Y allá, en esa vasta España, en ese imperio en el que jamás se ocultaba el sol, el chocolate tomó otro estatus: alimento, pero, al mismo tiempo, juego para el gusto. Una revolución de los sabores. Con canela de la India, con azúcar de todas partes, era una fiesta excitante. Ya no era posible detenerlo en un solo lugar. Y se extendió con su capacidad asombrosa para que gustara en todas las latitudes. Bueno, aunque no en todas. Se cuenta que, en tiempos de la Colonia, un obispo de Chiapas, México, prohibió su uso en las iglesias.

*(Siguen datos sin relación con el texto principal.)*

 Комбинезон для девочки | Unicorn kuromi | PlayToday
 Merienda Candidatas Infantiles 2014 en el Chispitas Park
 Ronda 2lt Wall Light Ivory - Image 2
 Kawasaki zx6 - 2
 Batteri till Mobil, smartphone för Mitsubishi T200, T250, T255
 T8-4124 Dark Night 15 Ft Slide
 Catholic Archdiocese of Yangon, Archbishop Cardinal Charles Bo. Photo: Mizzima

Resulta que las acriolladas damas españolas, para hacer más aguantables los sermones y largas homilías, se hacían servir chocolate por sus criados y lo degustaban durante la ceremonia. El acontecimiento sacó de casillas al prelado que amenazó con excomunión a quienes siguieran tomando chocolate en la iglesia. Él, por supuesto, lo siguió bebiendo en su casa cural, ni más faltaba.
Chocolate, bebida de compañía, propiciadora de tertulias. De a poco su forma se modificó. Y se convirtió en bombones, chocolatinas, pasteles, helados y todo lo que la imaginación alcanza a crear con ese aporte ancestral de una cultura americana. Golosina para adornar comedores, para derretir paladares, para servir a manteles. El Rey Sol, en Francia, supo de sus favores.

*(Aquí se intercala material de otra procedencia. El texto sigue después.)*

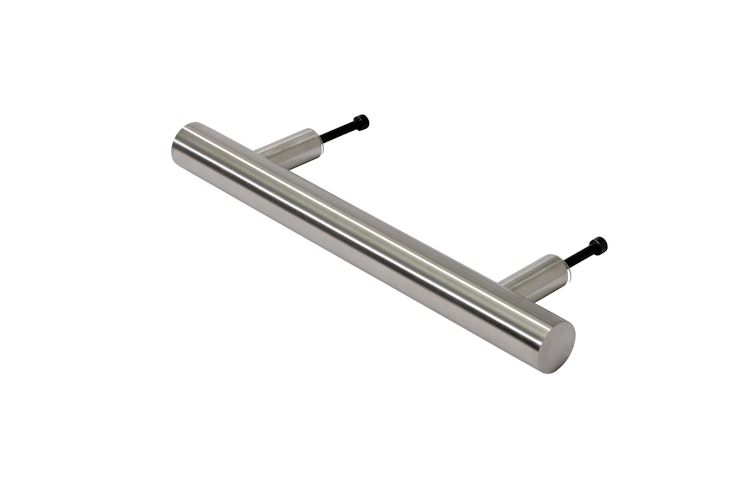 Infraworld Türgriff Edelstahl, rund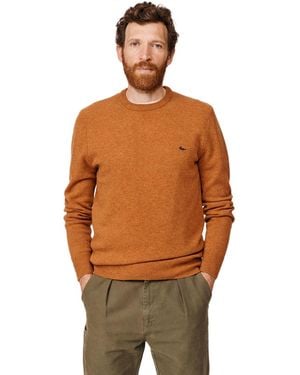 aubi Westbourne Crew Neck Sweater - Orange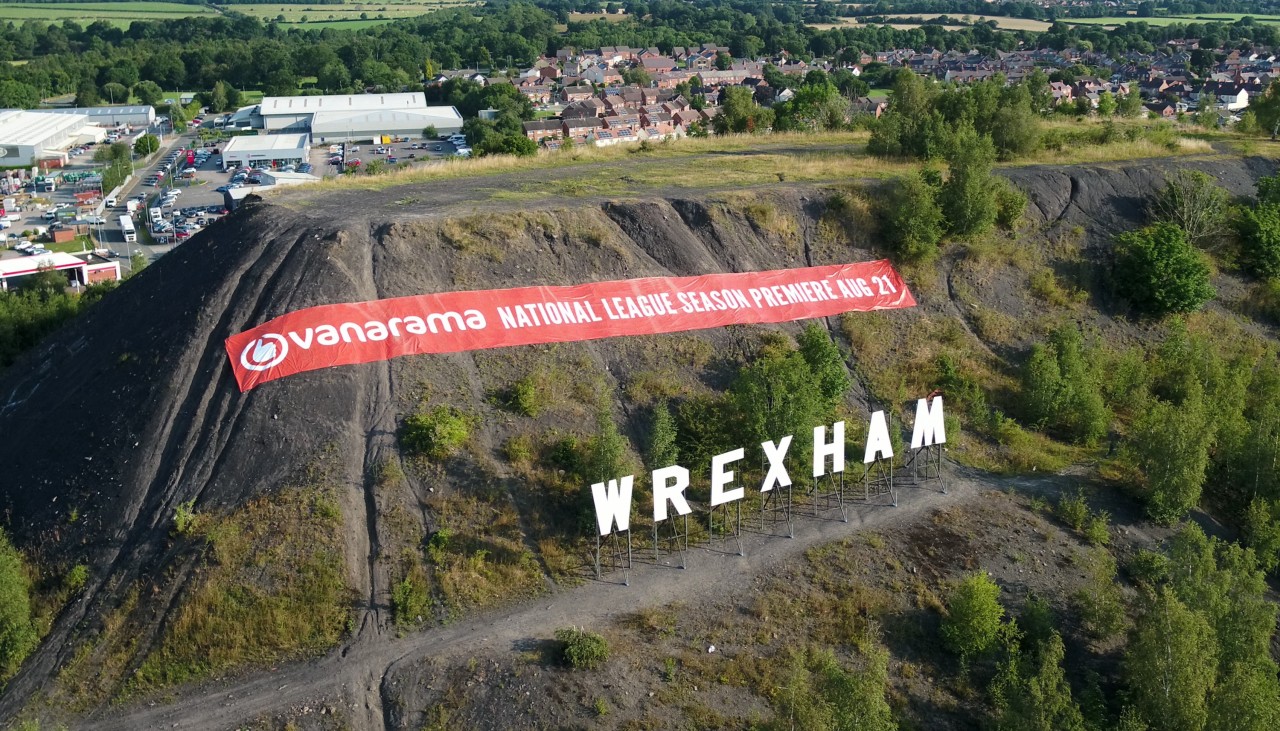Wrexham Campaign for the Vanarama Football League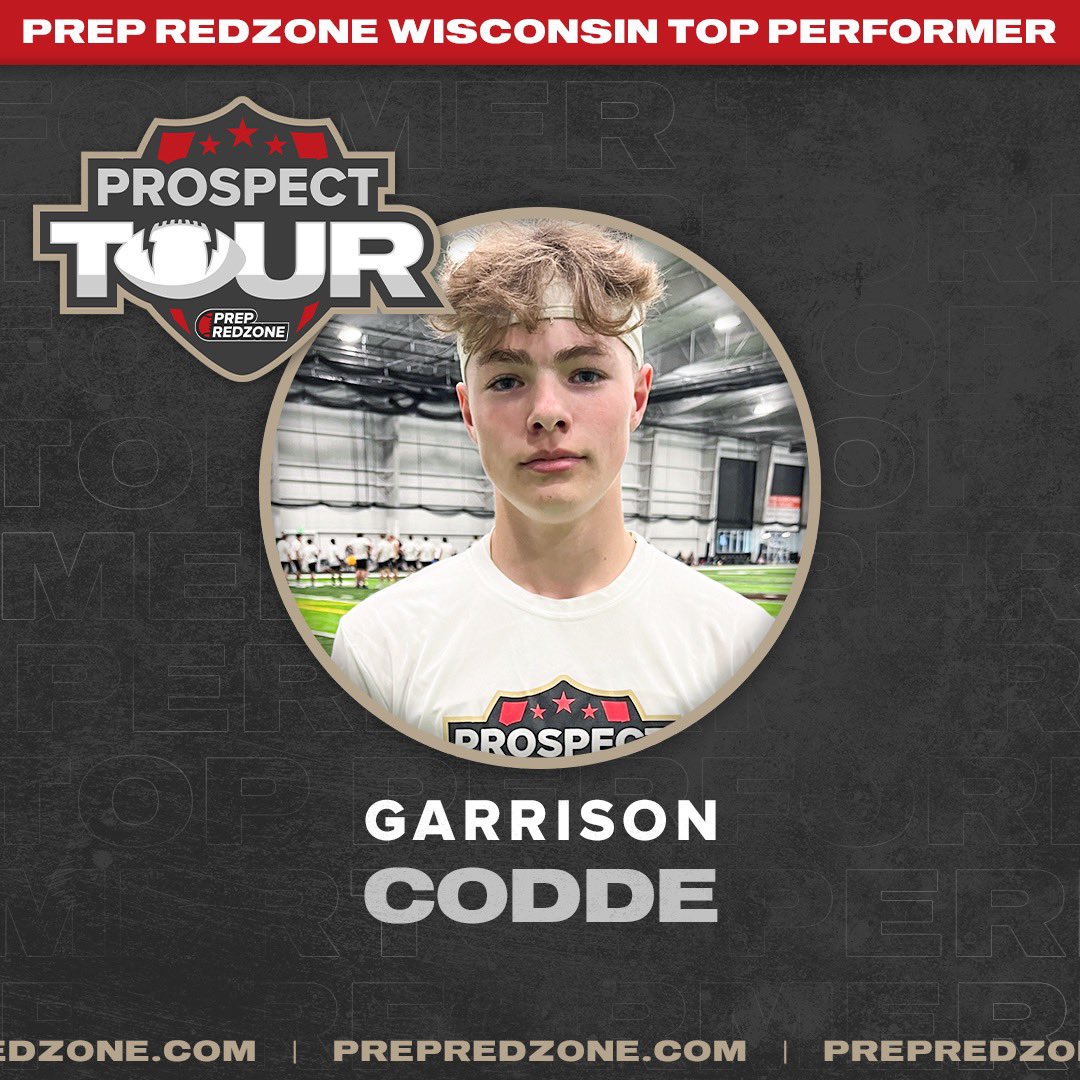 PrepRedzoneWI's tweet photo. π¨ π§π’π£ π£ππ₯ππ’π₯π ππ₯π¦
This event is loaded with talent. Take a look at whoβs making an early impact at #PRZProspectTourWI π https://t.co/4wckZDrOuO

Y así, de Viena a Londres, de Suiza a París, el chocolate, en sus presentaciones diversas, conquistó la sociedad, la envolvió en su poder renovador, en sus olores de exquisitez. ¡Quién puede resistirse! Y de allá, de las Europas, tornó a América, donde ya era parte de la cultura, de la dieta cotidiana.
Las mañanas de Antioquia, y tal vez de otras partes del país, todavía tienen esa música de olletas y molinillos, de espumosas tazas hirvientes, de mamás que llaman a la mesa, de familia que se mira a los ojos mientras las bebe en un bello ritual de la memoria.
Chocolate. Para que ella te ame más. Para que tú la quieras más. Por eso, hay en la imaginación tantos corazones de chocolate. Escucha sus latidos y sabrás más sobre los significados del amor. Y sobre su ausencia.